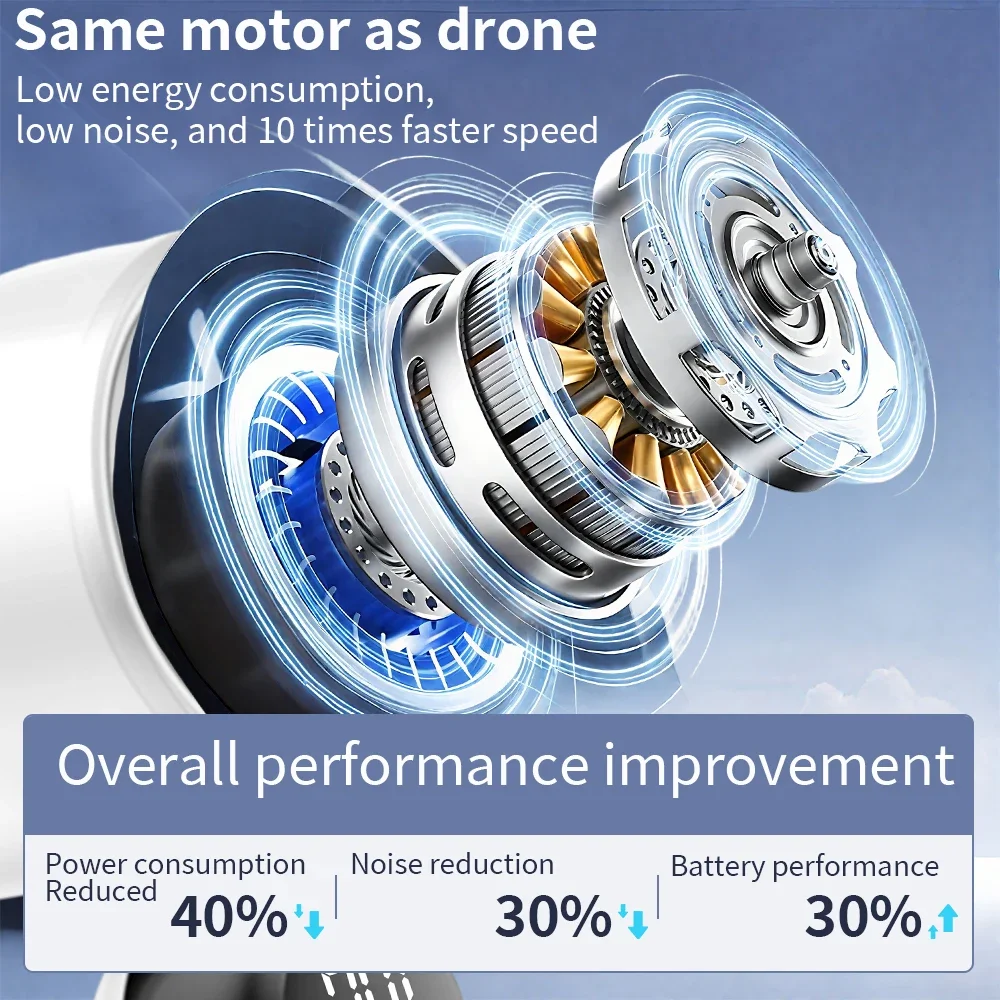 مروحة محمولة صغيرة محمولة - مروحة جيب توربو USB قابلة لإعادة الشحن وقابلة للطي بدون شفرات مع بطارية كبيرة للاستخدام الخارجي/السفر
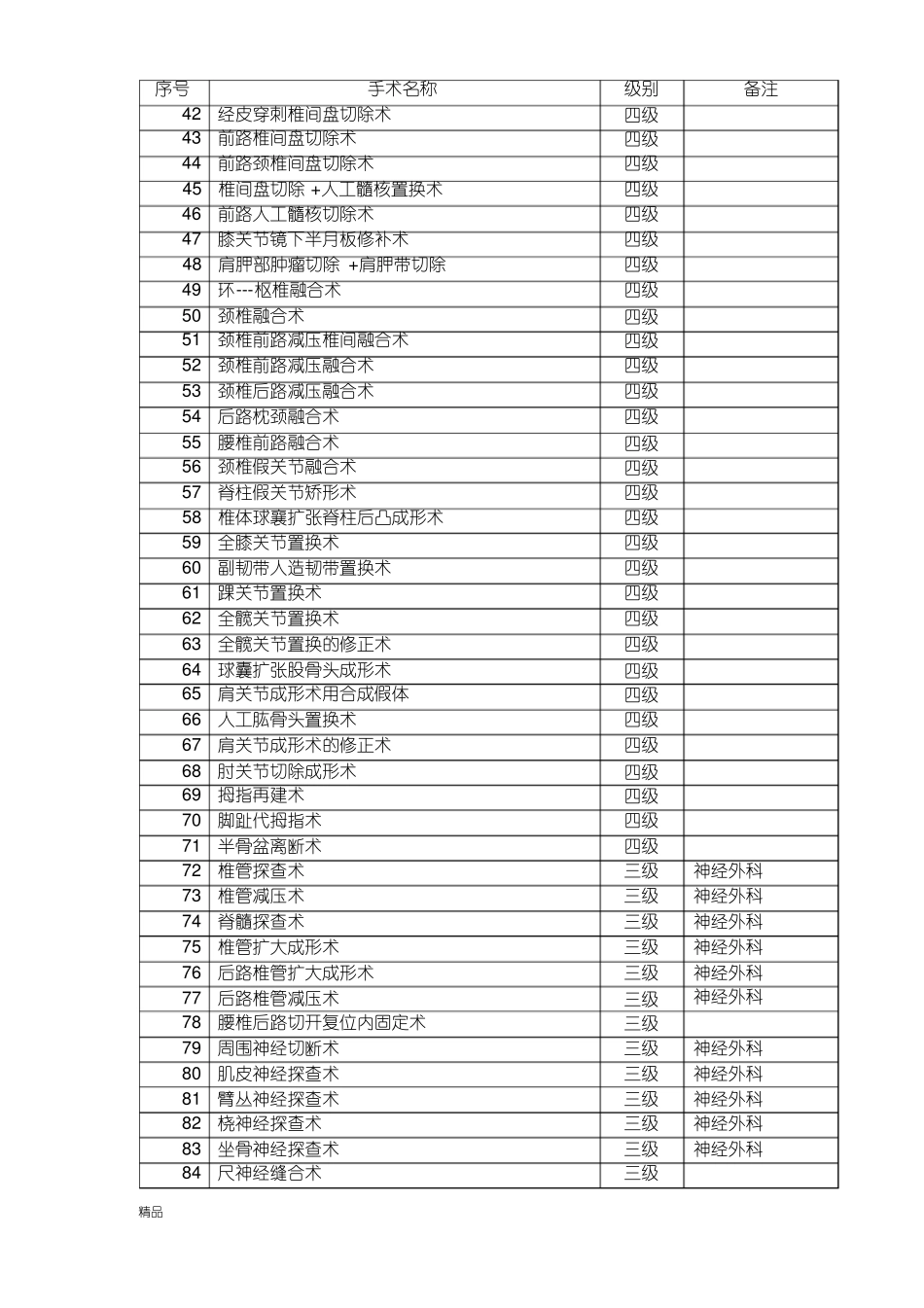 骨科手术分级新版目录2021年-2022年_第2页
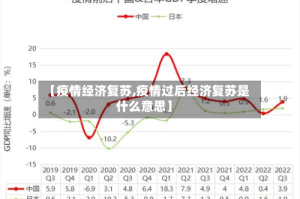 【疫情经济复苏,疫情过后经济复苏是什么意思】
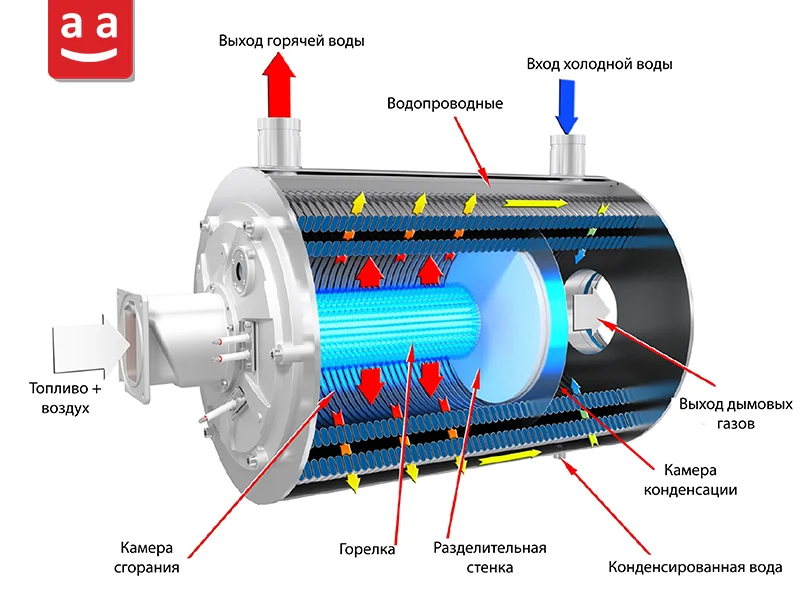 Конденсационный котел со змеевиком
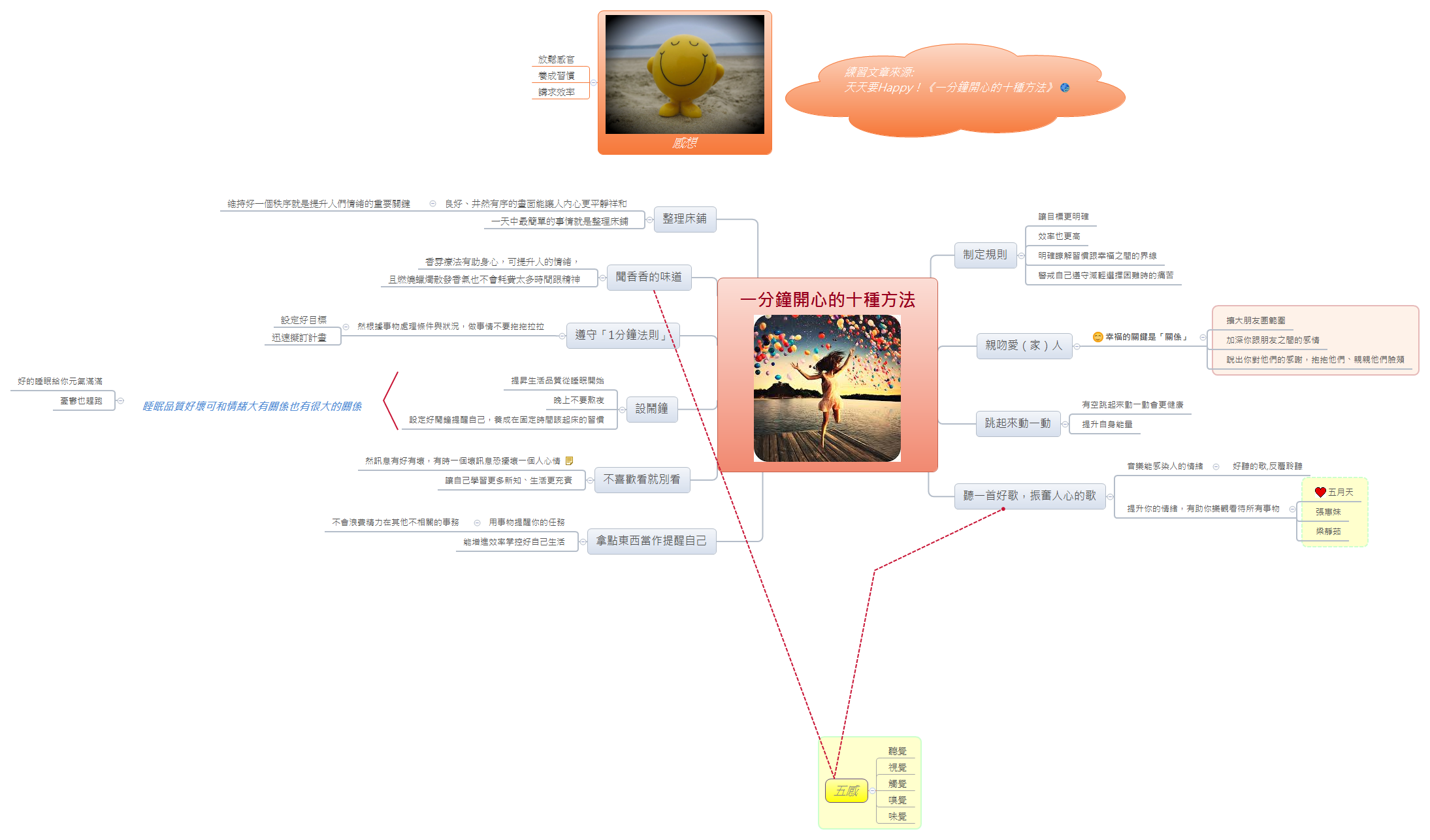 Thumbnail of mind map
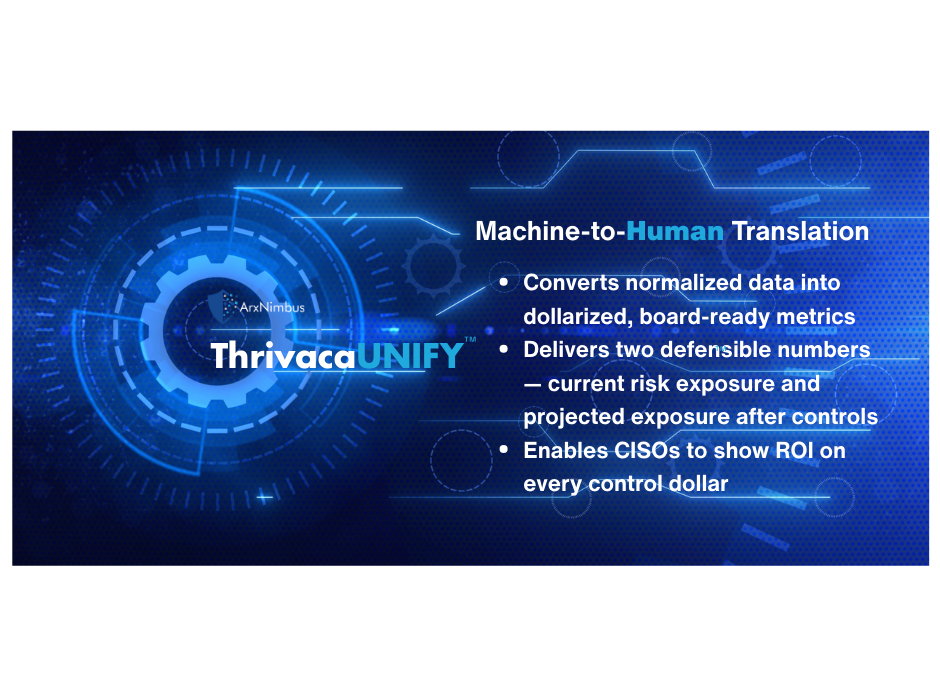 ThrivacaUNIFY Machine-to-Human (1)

◆ ◆ ◆

Give back word for word the lines from the one containing "Thumbnail of mind map" through the final line of the data above. Pictures are to be left out.

*Exercise result*
 Thumbnail of mind map
 ThrivacaUNIFY Machine-to-Human (1)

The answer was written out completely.